■ INSTRUCTIONS TO FOLLOW ■
All entries are to be copied verbatim, while the pictures stay out.

######

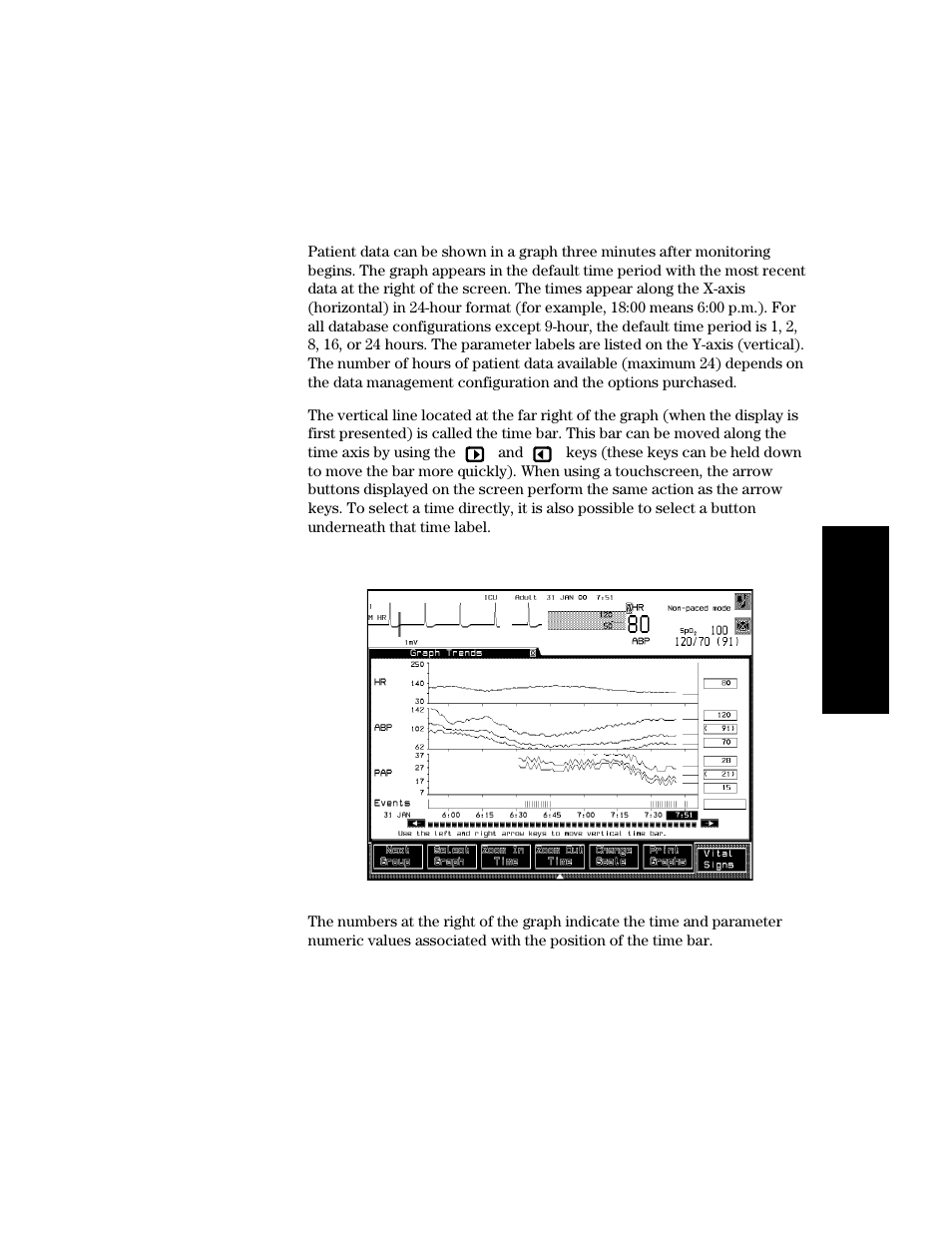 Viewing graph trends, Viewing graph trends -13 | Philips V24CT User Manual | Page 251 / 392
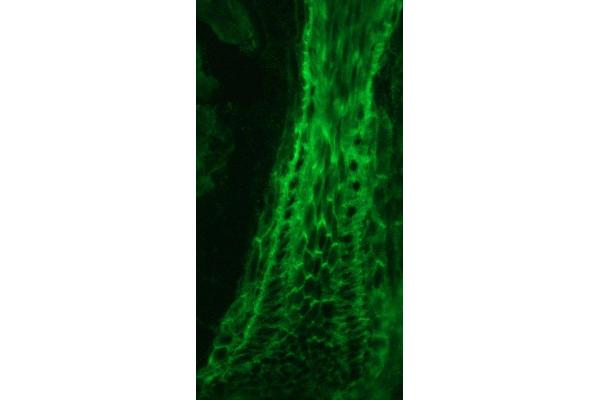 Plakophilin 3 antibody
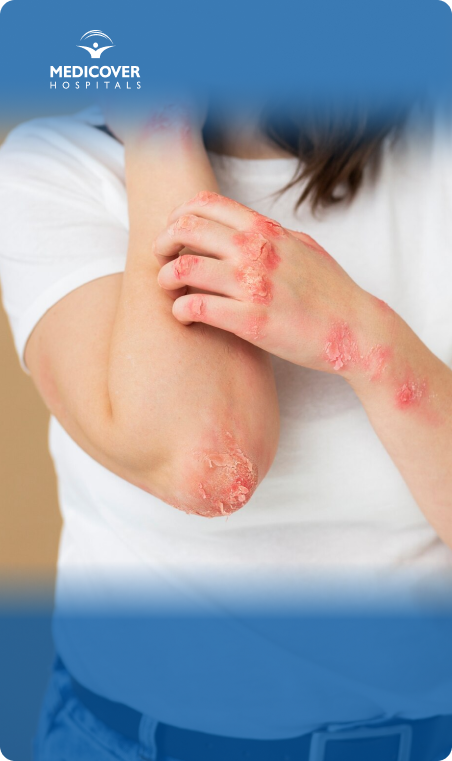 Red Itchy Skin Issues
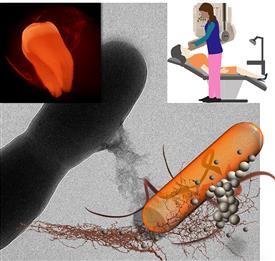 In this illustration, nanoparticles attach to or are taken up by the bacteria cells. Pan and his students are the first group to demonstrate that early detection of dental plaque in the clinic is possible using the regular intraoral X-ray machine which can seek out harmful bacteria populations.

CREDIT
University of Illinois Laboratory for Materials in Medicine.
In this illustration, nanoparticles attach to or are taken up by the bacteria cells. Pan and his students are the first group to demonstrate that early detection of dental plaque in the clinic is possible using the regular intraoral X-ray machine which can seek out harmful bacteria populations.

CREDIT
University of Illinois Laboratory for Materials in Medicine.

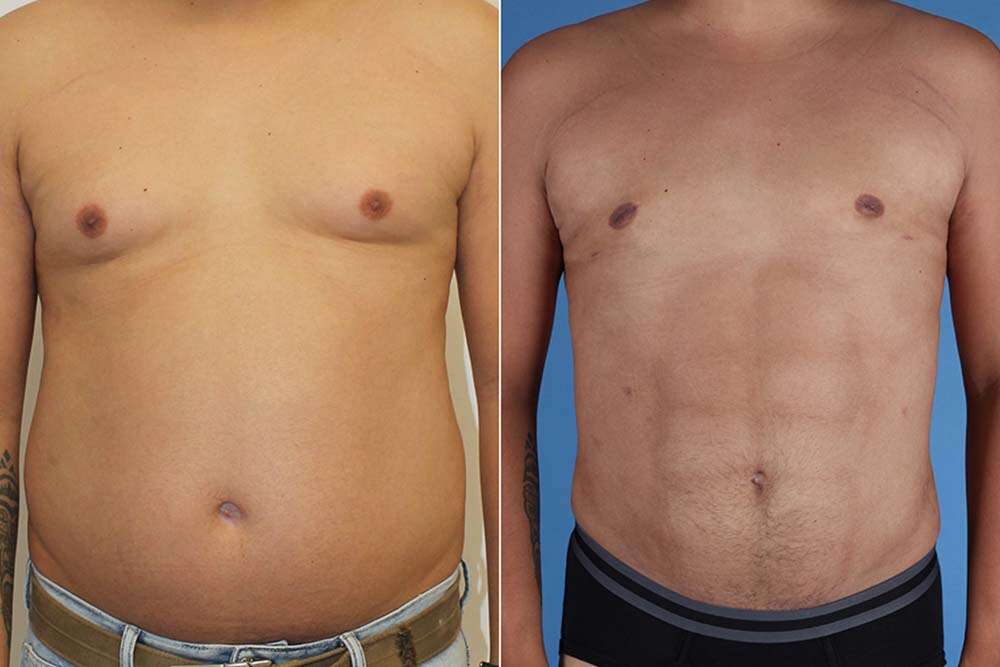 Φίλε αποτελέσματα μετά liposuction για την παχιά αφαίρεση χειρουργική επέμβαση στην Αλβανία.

######

■ REPLY TO THE TASK ■
 Viewing graph trends, Viewing graph trends -13 | Philips V24CT User Manual | Page 251 / 392
 Plakophilin 3 antibody
 Red Itchy Skin Issues
 In this illustration, nanoparticles attach to or are taken up by the bacteria cells. Pan and his students are the first group to demonstrate that early detection of dental plaque in the clinic is possible using the regular intraoral X-ray machine which can seek out harmful bacteria populations.

CREDIT
University of Illinois Laboratory for Materials in Medicine.
In this illustration, nanoparticles attach to or are taken up by the bacteria cells. Pan and his students are the first group to demonstrate that early detection of dental plaque in the clinic is possible using the regular intraoral X-ray machine which can seek out harmful bacteria populations.

CREDIT
University of Illinois Laboratory for Materials in Medicine.

 Φίλε αποτελέσματα μετά liposuction για την παχιά αφαίρεση χειρουργική επέμβαση στην Αλβανία.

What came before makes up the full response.